The much-travelled winger Greene - Bray are his seventh club in a nine-season League of Ireland career - says the motto at the club is Keep It Simple.
"We're not complicating things, we have a game plan, it worked up in Dundalk last week when we beat them 3-1, we just do the simple things well," says Greene, who moved to Bray in the off season from Limerick.
"It's great to be where we are but if we lose two in a row we will slide back down the table just as quickly. So we will enjoy this, being in the top three, but we have to work hard to make it last."
But if there is one part of the Bray story missing this season, then it's some appreciation from the public. Their last home game was a 1-0 win over Galway United but the reported attendance was just 477 paying punters. Greene's previous club (Limerick) regularly got three times that gate on a weekly basis while playing in the second tier.

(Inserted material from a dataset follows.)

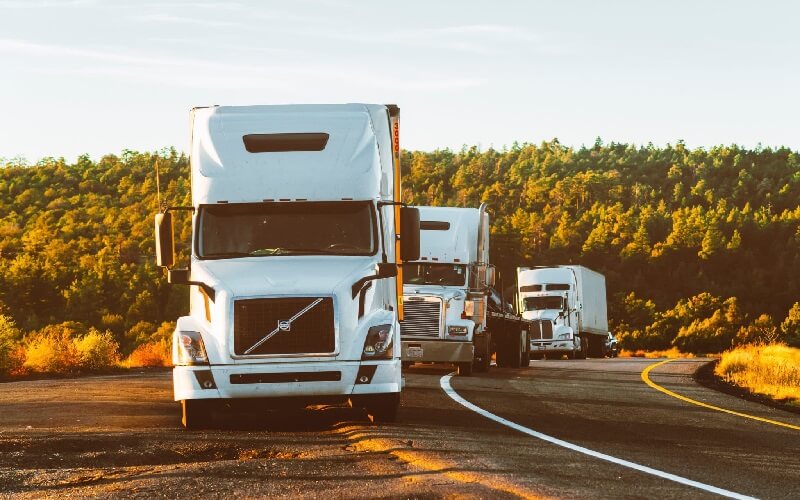 Caminhão em rodovia brasileira representando o modal rodoviário de transporte de cargas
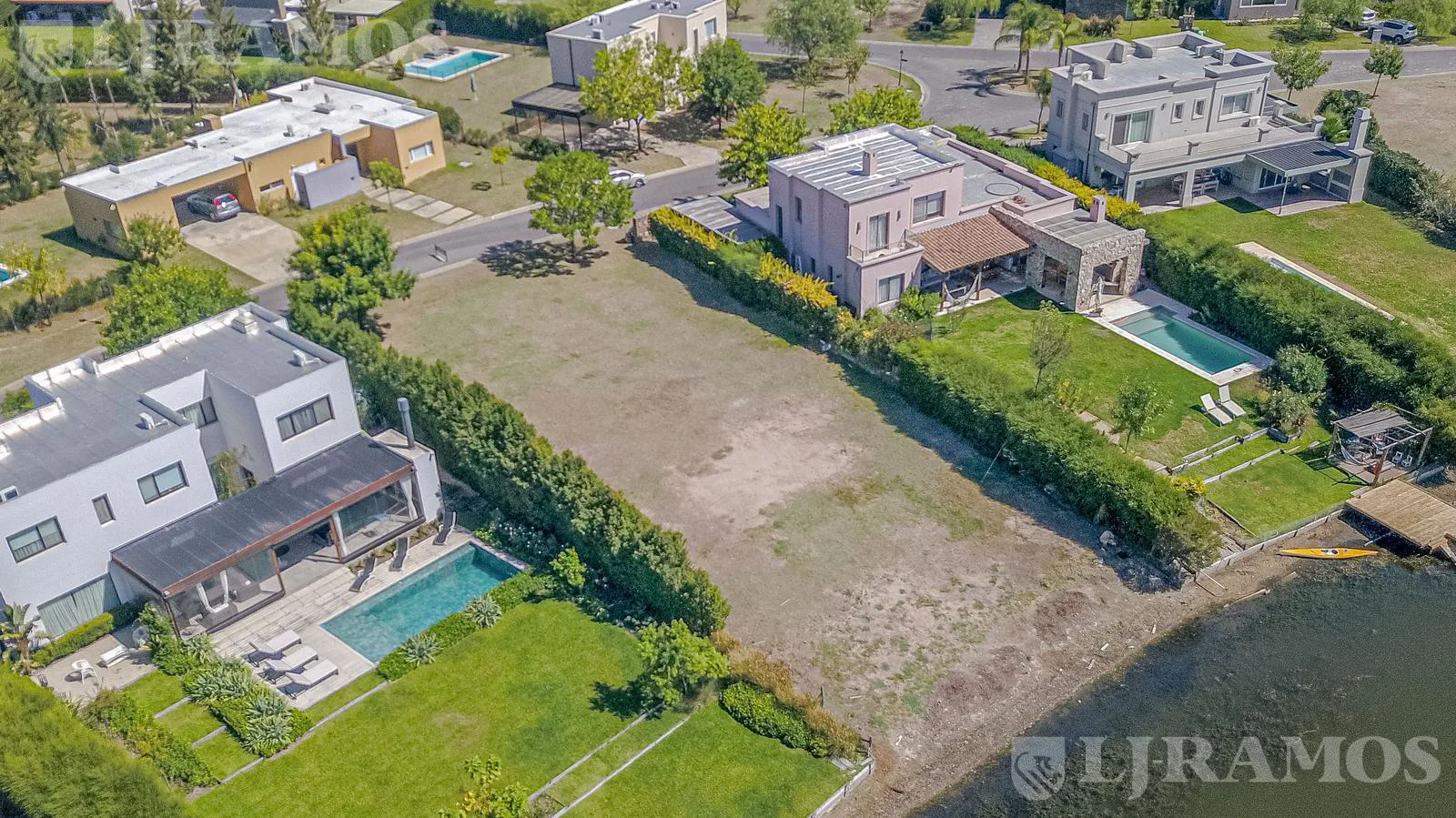 Excelente lote de 947 m2 a la laguna en venta en San Gabriel. foto 4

But Bray Wanderers have not yet caught the imagination of the locals. Some are still suspicious of the motives behind the new set-up at the club while the dilapidated state of a clearly-outdated Carlisle Grounds does little to entice new fans.
And Greene, who has played for Galway United, Bohemians, Sligo Rovers, Shamrock Rovers, St Pat's and Limerick, admits it's a struggle.
"It's the old scenario, we are playing good, exciting football this season but how do you get people out of their houses on a Friday night?" he says.
"Bray's a bit like Limerick to me, it's a place with a real rugby tradition and soccer has to fight for attention. It would be great if we could get more fans in. We had Finn Harps at home in a midweek game, I think we had 1,100 there on the night Martin O'Neill went to our game, but then you play Galway on a Saturday and the gate's not even 500.
"Limerick got good crowds when I was there and they are doing the same this season. So you have to hope that people turn up and see us as we are winning, people in Bray might say ' they are not a bad side, let's give them a chance'."
Bray have tried to make inroads into the community but Greene says there's more to be done.
"The kids are sitting at home in front of the TV, dreaming of being Alexis Sanchez and I think they just don't know that there are players in this league that they can look up to as well," he says.
"My son loves Manchester City, but he could probably name every player in the league here as well, he loves watching the likes of Patrick McEleney.
"Ok, I know we lost Daryl Horgan but we still have players like Brandon Miele, Sean Maguire, McEleney, Gary McCabe and Dylan Connolly here. We need to sell them better.
"When I was at Sligo they worked very hard at that and got the kids in. We had a brilliant crowd in Limerick last season for the EA Sports Cup final and as a player that spurs you on. Now, Limerick probably has a bigger football community than Bray but the club are trying." added Greene, an ever-present for Harry Kenny's side this term.
"It's been a funny season at times. We threw away points in games where we were expected to do well - we lost at home to Limerick, we lost away to Bohs when we were 2-0 up - but then we went to Derry and Dundalk and won both of them, I don't think anyone would have given us a chance of taking six points from Derry and Dundalk.
"I don't think any fixture is a given this season and with the three teams going down, there's something at stake every week."